Provided records:

========================================================================

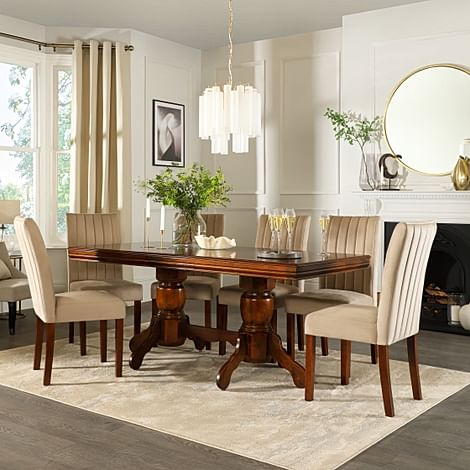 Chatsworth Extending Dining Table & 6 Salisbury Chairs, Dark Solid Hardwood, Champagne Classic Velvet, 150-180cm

========================================================================

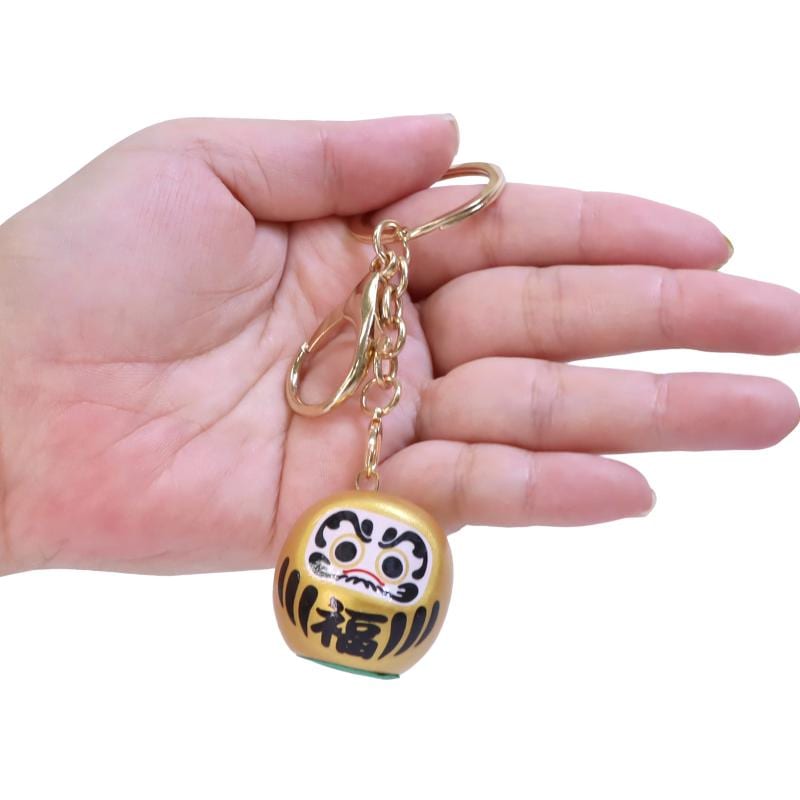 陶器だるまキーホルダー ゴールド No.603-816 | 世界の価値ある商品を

========================================================================

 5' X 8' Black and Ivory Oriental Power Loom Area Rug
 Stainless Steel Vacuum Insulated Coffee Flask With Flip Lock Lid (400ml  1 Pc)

========================================================================

Exercise: Return only the lines between the one holding "5' X 8' Black" and the one holding "Stainless Steel Vacuum", inclusive, exactly as they appear above.

Answer box:
 5' X 8' Black and Ivory Oriental Power Loom Area Rug
 Stainless Steel Vacuum Insulated Coffee Flask With Flip Lock Lid (400ml  1 Pc)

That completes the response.